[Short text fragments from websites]

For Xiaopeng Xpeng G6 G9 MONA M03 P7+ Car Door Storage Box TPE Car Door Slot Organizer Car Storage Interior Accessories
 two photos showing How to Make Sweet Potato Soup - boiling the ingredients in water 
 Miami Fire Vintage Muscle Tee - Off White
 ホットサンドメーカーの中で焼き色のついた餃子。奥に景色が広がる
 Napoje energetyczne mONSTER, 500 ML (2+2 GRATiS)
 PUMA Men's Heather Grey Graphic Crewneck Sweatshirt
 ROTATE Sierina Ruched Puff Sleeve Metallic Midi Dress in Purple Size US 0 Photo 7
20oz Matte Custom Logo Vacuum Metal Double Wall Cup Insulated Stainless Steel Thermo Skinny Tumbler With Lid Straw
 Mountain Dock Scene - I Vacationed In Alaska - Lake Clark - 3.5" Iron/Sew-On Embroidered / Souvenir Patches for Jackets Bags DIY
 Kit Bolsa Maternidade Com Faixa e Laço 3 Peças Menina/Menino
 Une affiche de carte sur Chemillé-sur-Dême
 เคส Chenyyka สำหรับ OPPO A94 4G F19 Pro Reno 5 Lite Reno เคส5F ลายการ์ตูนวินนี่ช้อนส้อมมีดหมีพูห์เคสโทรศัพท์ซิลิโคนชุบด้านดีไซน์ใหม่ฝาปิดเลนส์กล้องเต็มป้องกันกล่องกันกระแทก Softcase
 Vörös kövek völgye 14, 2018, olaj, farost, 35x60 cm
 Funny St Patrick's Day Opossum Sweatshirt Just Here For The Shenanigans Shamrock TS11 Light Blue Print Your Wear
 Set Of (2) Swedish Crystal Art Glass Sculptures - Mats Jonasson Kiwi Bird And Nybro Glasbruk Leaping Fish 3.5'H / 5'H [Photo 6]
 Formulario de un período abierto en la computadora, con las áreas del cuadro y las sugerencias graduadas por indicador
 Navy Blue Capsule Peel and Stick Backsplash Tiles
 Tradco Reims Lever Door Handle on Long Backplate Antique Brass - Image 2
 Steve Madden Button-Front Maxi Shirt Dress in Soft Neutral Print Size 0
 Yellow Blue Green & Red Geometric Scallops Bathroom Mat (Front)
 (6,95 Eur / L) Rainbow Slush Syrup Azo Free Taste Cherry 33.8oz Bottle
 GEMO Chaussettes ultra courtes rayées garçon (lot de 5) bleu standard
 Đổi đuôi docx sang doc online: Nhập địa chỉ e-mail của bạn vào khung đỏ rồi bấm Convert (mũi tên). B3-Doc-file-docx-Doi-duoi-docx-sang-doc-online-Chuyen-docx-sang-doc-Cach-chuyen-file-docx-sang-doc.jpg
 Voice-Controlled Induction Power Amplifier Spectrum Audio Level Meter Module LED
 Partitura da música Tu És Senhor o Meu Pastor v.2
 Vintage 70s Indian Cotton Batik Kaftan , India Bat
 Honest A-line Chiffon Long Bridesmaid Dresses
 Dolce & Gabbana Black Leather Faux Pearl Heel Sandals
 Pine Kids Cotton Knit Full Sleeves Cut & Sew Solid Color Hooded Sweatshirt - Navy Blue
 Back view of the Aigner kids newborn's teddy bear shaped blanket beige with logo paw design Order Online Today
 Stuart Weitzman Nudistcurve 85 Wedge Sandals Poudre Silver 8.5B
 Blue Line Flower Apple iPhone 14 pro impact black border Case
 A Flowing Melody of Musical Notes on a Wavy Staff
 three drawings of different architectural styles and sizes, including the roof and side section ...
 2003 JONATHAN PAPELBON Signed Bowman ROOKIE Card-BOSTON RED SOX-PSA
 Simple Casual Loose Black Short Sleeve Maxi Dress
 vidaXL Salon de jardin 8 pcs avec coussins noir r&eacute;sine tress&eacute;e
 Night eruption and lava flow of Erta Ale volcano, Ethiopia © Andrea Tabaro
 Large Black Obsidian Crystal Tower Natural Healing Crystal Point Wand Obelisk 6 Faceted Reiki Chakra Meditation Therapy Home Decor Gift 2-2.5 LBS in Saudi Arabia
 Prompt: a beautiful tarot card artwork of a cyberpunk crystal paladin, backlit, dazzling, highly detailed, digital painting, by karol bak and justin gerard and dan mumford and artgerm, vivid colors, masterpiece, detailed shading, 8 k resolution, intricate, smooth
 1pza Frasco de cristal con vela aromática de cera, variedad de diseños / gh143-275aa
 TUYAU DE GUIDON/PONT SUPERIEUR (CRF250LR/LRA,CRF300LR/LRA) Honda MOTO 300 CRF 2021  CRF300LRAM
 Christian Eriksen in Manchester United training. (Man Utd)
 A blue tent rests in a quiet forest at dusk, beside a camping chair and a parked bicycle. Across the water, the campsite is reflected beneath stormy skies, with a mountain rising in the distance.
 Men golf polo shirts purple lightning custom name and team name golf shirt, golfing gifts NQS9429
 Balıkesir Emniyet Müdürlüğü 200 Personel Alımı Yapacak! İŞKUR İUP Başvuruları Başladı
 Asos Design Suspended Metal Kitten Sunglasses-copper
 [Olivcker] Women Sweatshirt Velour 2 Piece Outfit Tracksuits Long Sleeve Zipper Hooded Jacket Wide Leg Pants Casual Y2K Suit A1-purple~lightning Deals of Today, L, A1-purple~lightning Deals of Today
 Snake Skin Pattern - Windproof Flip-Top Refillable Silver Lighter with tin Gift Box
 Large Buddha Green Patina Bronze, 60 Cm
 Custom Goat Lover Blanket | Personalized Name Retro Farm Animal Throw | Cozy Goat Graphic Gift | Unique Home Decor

**Work item**
Could you transcribe the entries exactly, from the first line through the line containing "Napoje energetyczne mONSTER, 500", and give nothing more?

**Your solution**
For Xiaopeng Xpeng G6 G9 MONA M03 P7+ Car Door Storage Box TPE Car Door Slot Organizer Car Storage Interior Accessories
 two photos showing How to Make Sweet Potato Soup - boiling the ingredients in water 
 Miami Fire Vintage Muscle Tee - Off White
 ホットサンドメーカーの中で焼き色のついた餃子。奥に景色が広がる
 Napoje energetyczne mONSTER, 500 ML (2+2 GRATiS)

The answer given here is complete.